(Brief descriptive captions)
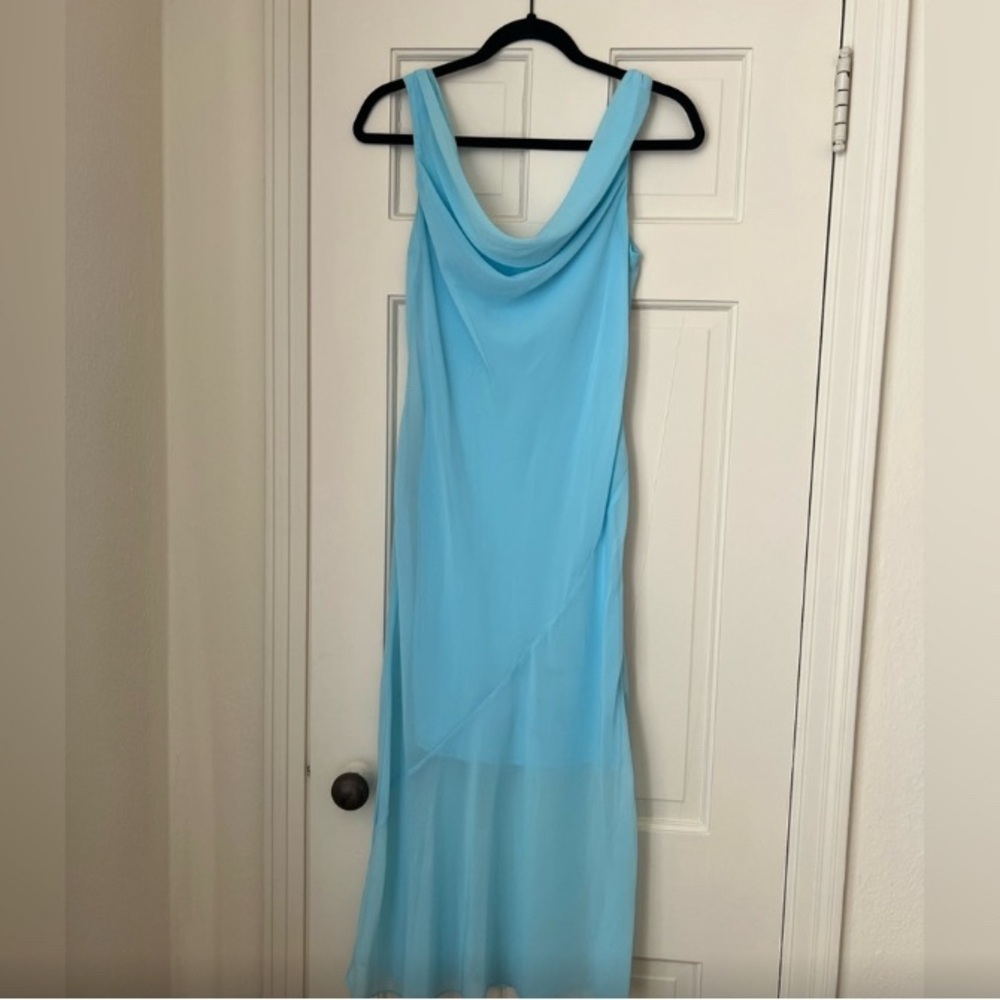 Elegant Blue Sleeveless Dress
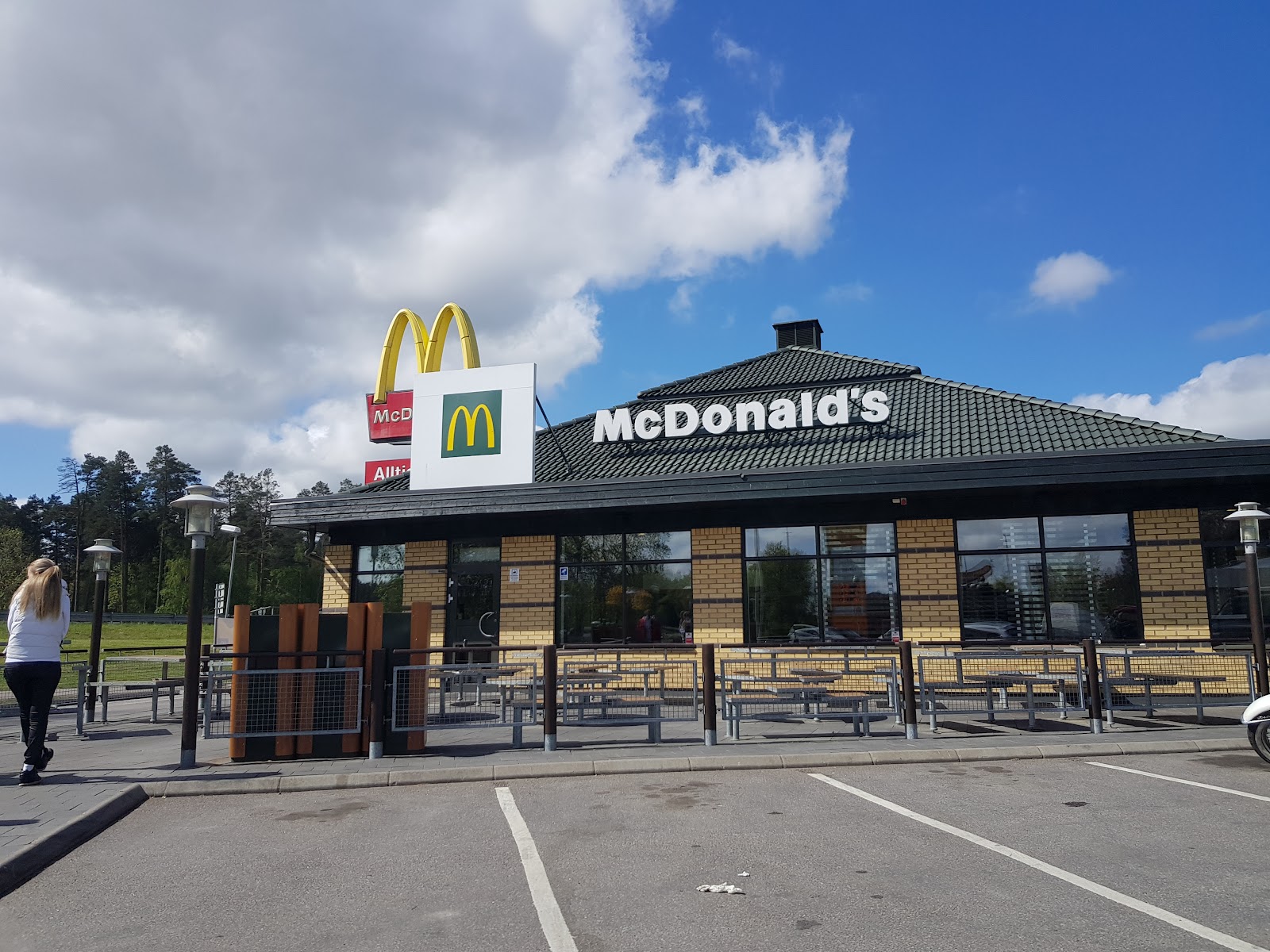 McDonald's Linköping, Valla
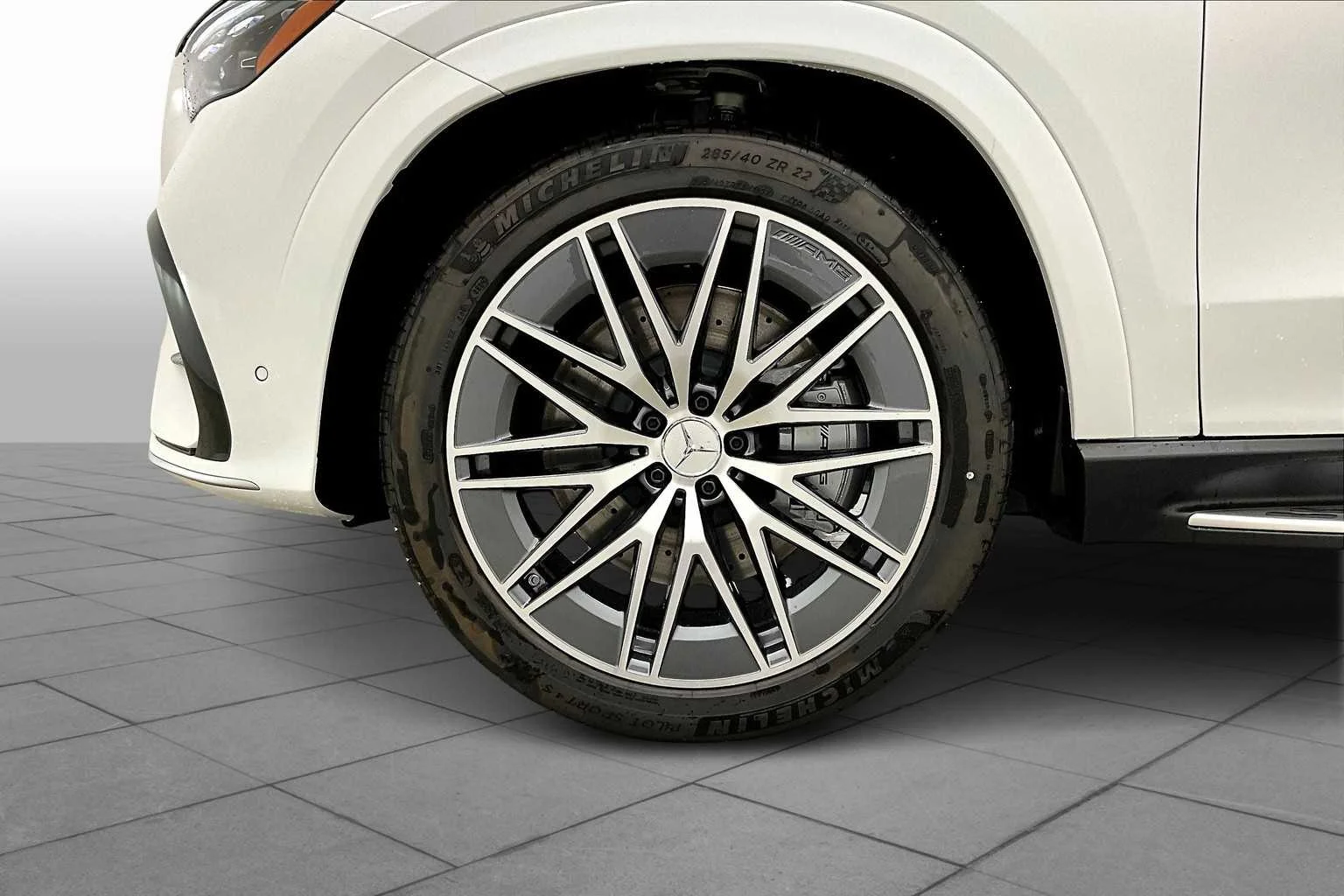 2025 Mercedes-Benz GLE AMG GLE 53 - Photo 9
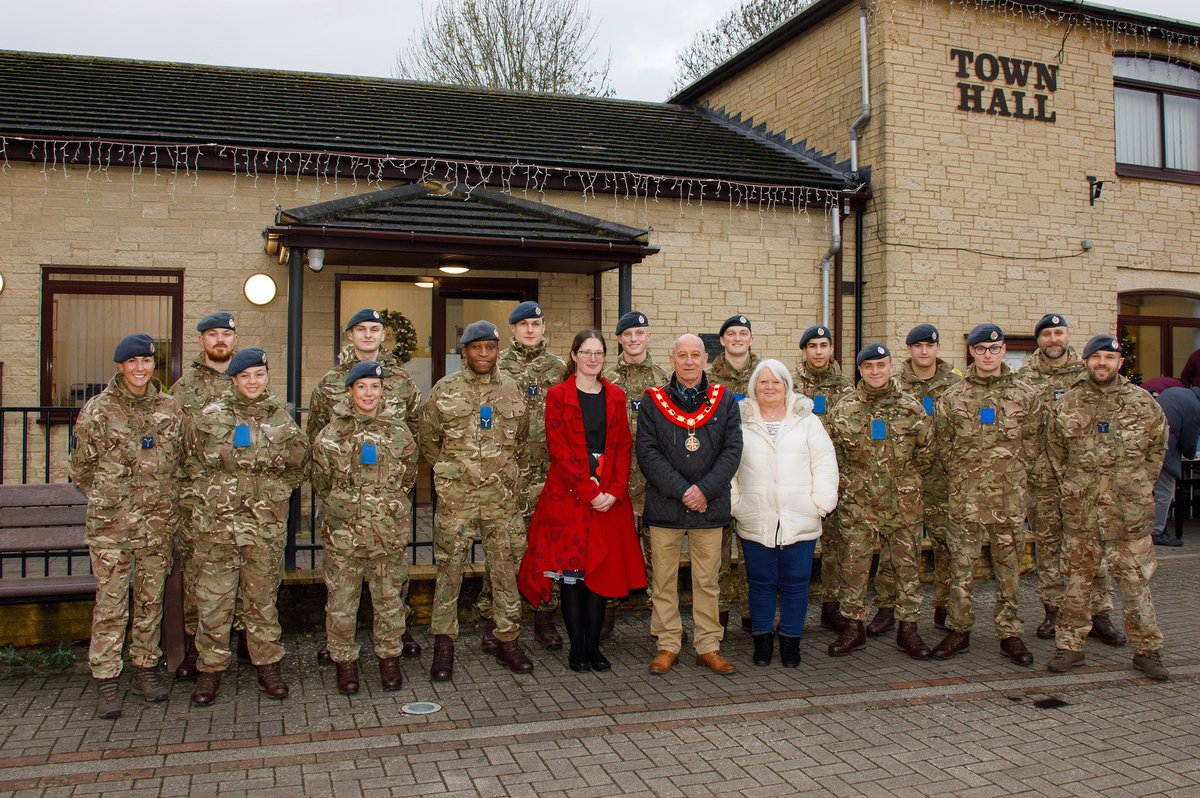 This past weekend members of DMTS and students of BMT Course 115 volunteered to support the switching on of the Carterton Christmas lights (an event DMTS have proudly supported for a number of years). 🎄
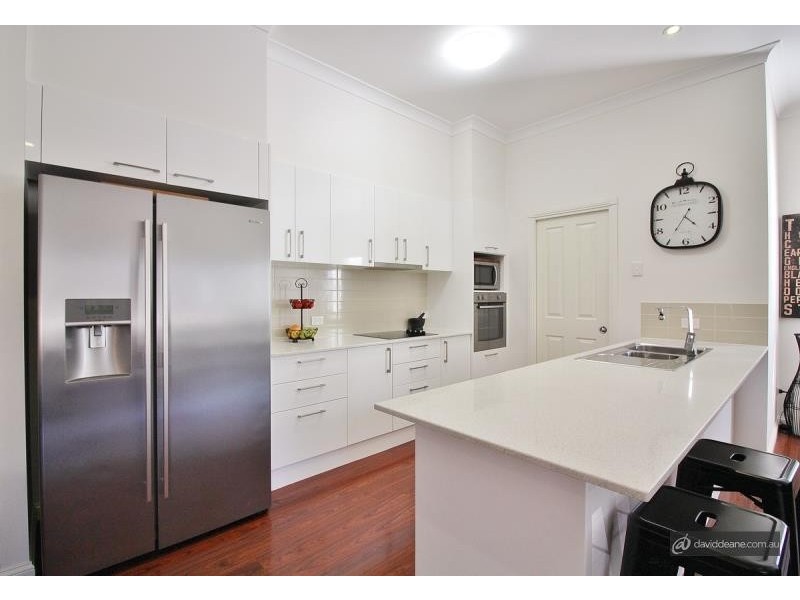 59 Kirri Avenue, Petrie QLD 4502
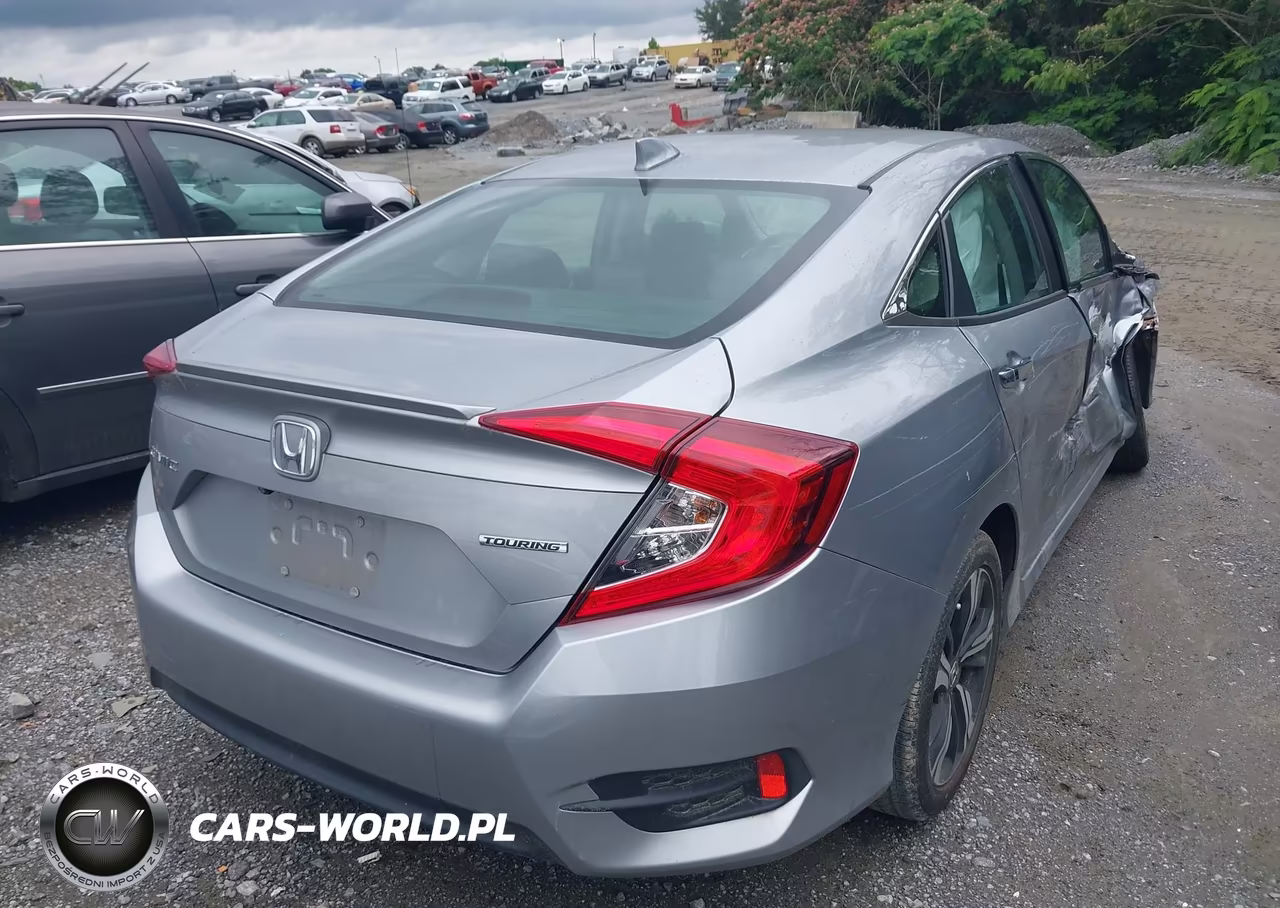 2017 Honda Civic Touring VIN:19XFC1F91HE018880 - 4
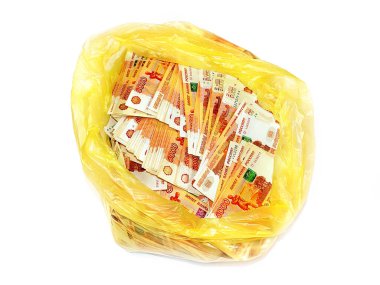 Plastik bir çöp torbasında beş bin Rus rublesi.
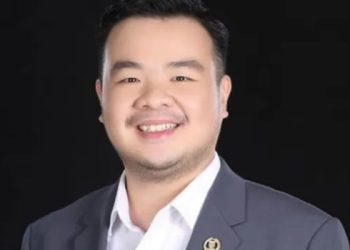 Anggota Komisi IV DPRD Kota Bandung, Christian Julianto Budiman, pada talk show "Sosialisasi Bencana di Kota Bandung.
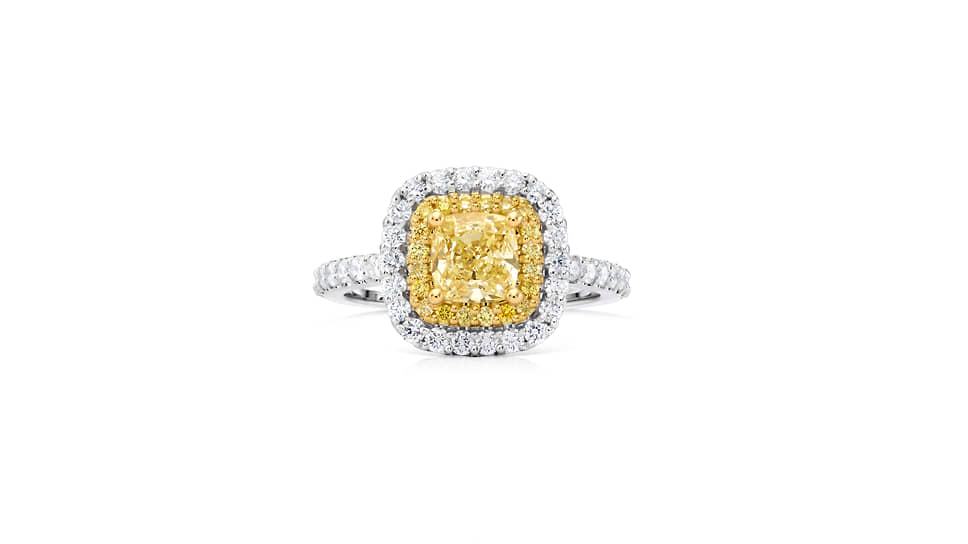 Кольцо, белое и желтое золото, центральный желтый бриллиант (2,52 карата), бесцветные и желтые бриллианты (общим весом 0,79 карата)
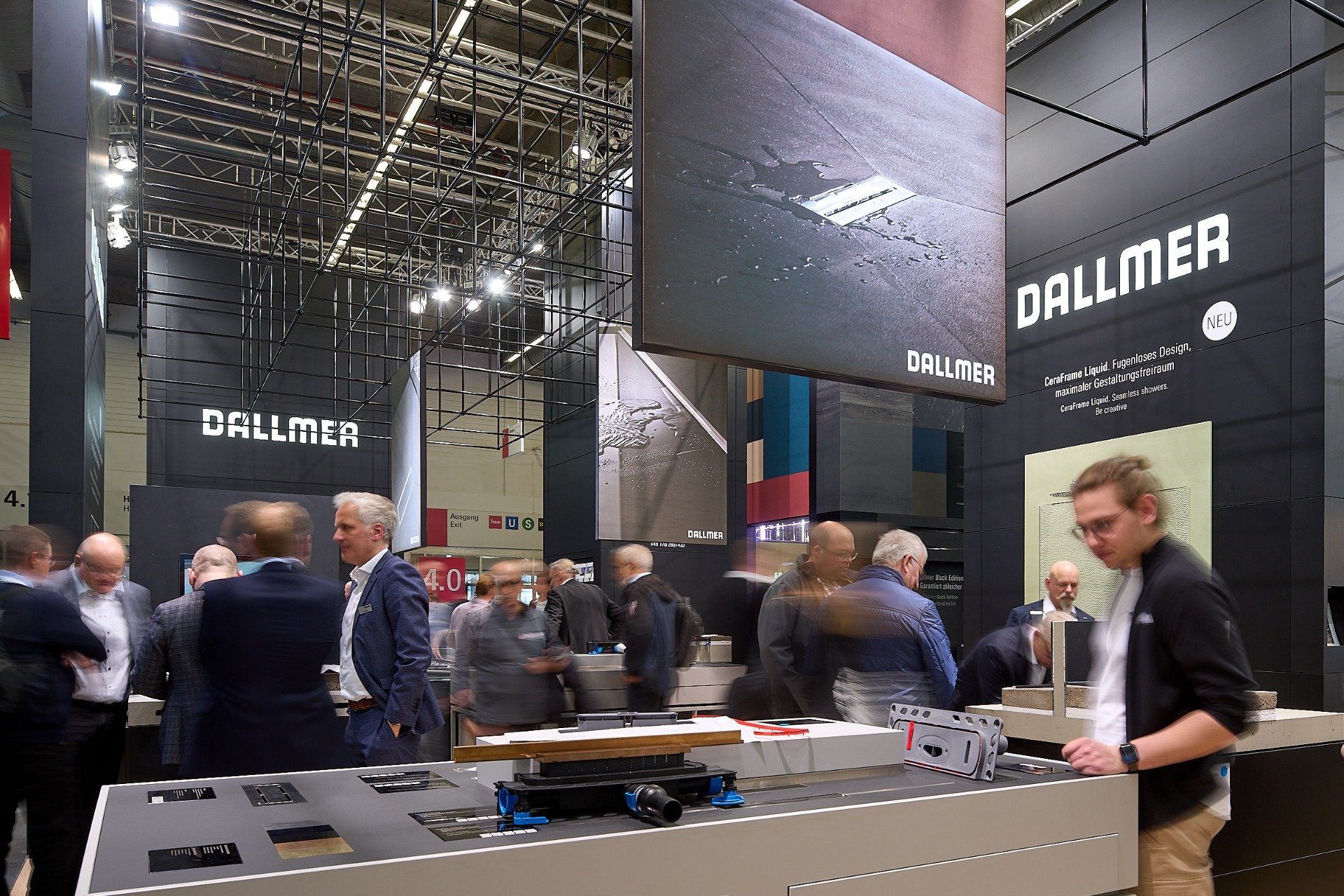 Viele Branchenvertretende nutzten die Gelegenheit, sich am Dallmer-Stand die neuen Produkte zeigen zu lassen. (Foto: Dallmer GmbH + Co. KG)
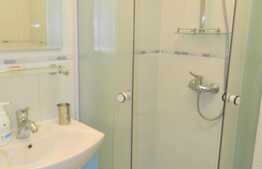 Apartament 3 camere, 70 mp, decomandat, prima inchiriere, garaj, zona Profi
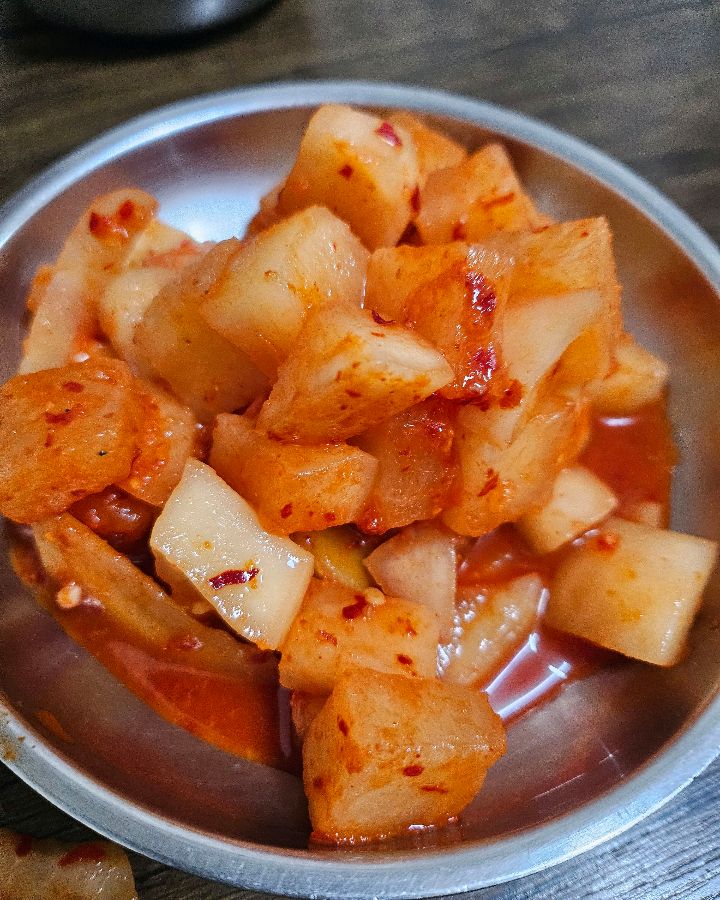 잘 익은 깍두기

* [Exercise description]:
What is needed is an exact retyping of the lines from the start of the data through the line with "Кольцо, белое и", with both end lines kept and every picture left out.

* [Result for this task]:
 Elegant Blue Sleeveless Dress
 McDonald's Linköping, Valla
 2025 Mercedes-Benz GLE AMG GLE 53 - Photo 9
 This past weekend members of DMTS and students of BMT Course 115 volunteered to support the switching on of the Carterton Christmas lights (an event DMTS have proudly supported for a number of years). 🎄
 59 Kirri Avenue, Petrie QLD 4502
 2017 Honda Civic Touring VIN:19XFC1F91HE018880 - 4
 Plastik bir çöp torbasında beş bin Rus rublesi.
 Anggota Komisi IV DPRD Kota Bandung, Christian Julianto Budiman, pada talk show "Sosialisasi Bencana di Kota Bandung.
 Кольцо, белое и желтое золото, центральный желтый бриллиант (2,52 карата), бесцветные и желтые бриллианты (общим весом 0,79 карата)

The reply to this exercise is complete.